サスペンション交換は3つの効果がある
スプリングやダンパーを交換するのは、チューニングの定番メニュー。その目的は、主に3つ。
①操縦性の向上
②ドレスアップ
③乗り心地の改善
1番目の操縦性の向上は、ロール量、ロールスピード、ピッチング量、ピッチングスピードを最適化し、路面追従性をよりよくすることで達成できる。
このうち、サスのストローク量は、スプリングの固さで決まり、ストロークスピードはダンパーの減衰力に左右される。路面の追従性は、車高とサスペンションストロークが決め手となる。
このうち手っ取り早いのは、車高を下げること。車高を下げる=重心が下がる=4つのタイヤの接地性が常時上がり、ロールモーメントも減らせる。
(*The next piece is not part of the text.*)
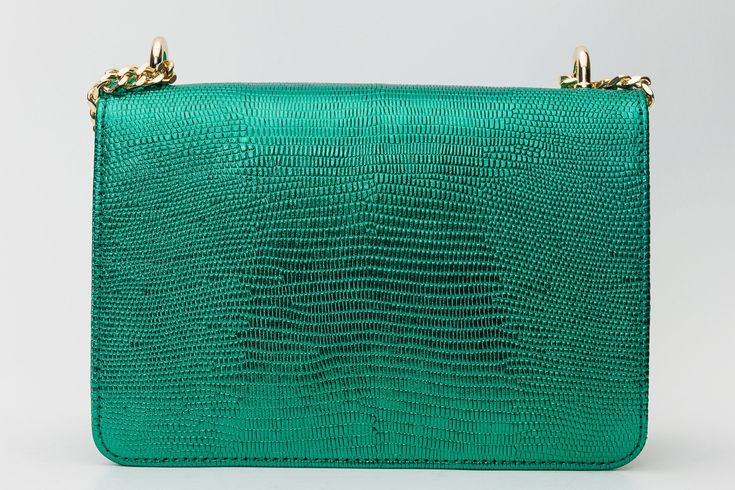 Length: 8" Height: 5" Width: 3.5" Full length of Strap: 54.5" Maple Green Metallic Leather Handbag: Timeless Elegance in a Lush Hue Supreme Metallic Leather Craftsmanship: Immerse yourself in timeless elegance with the Maple Green Metallic Leather Handbag, meticulously crafted from 100% high-quality metallic calf leather, ensuring an accessory that radiates sophistication in a lush green hue. Singular Splendor: Embrace modern simplicity with a single-compartment design, allowing the radiant meta Green Formal Bag, Elegant Green Formal Shoulder Bag, Designer Green Clutch For Formal Occasions, Designer Green Evening Bag For Formal Occasions, Luxury Green Formal Shoulder Bag, Luxury Green Evening Bag For Gifting, Luxury Green Evening Bag For Gift, Luxury Green Evening Bag, Luxury Green Rectangular Evening Bag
メーカー純正のサスペンションの場合、降雪時にタイヤチェーンなどを装着することなども想定しているので、タイヤとタイヤハウスのクリアランスにかなり余裕を持たせていて、車高がけっこう高めに設定されている。操縦性を優先するなら、そうした純正サスのマージンを削り、車高を下げるとパフォーマンスが上がる。
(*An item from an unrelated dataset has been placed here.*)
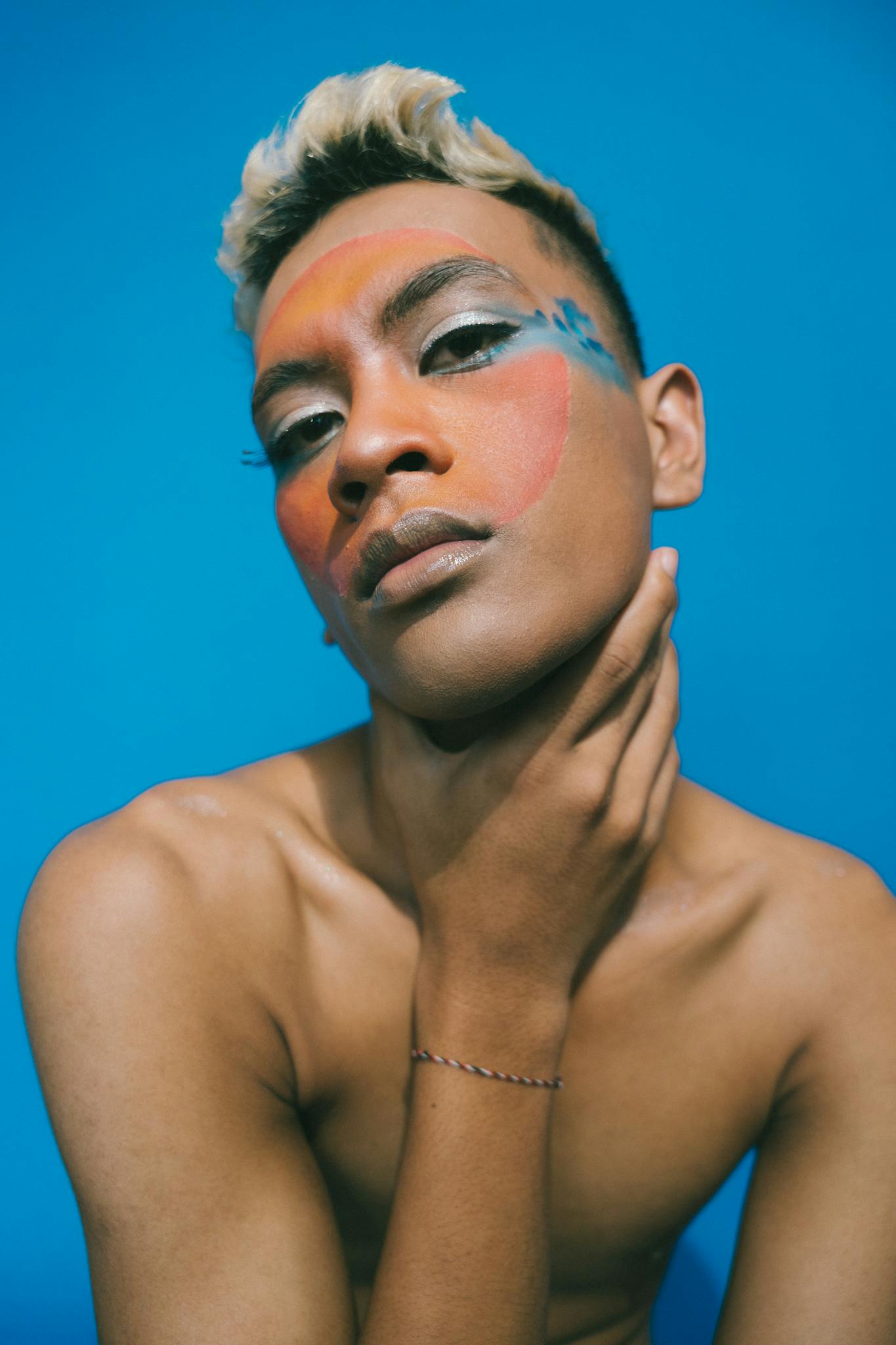 Colorful and creative portrait featuring bold makeup on a blue background, conveying artistic expression.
ただし、車高を下げれば、サスペンションの縮み側のストロークが必然的に削られるので、サスペンションが底づきしないよう、スプリングレートを高める必要が出てくる。スプリングレートが高くなるということは、サスの動きが硬くなるので、乗り心地は犠牲になる。
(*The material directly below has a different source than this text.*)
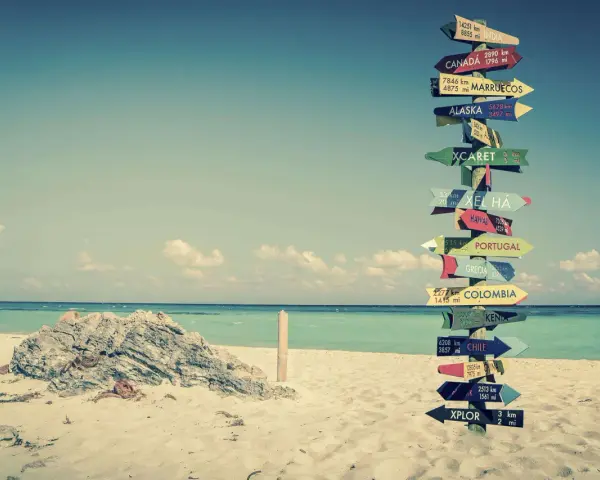 Strand mit Schildern zu fernen Zielen. Ein Traum für ein **auslandsjahr kostenlos**?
また、スプリングが硬くなるということは、サスペンションが縮みにくくなり、伸びやすくなるということなので、ストロークスピードを左右するダンパーの減衰力も設定し直す必要がある。
具体的には、車高を2~3センチ落として、スプリングレートは120%程度アップ。ダンパーの減衰力は、縮み側をやや柔らかくして、反対に伸び側はやや硬くするようなイメージが、ひとつの基準となるだろう。
ただし、昨今のスポーツモデルの純正サスペンションは、かなり美味しいセッティングになっているので、とくに不満がないのに、なんとなく交換するのはもったいないし、ときにデチューンになることもあるので要注意。現状に対して、「ここが不満」「ここをもっとこうしたい」という具体的なリクエストがあり、そのための方法論がはっきりしている場合でないと、あまりメリットはないかもしれない。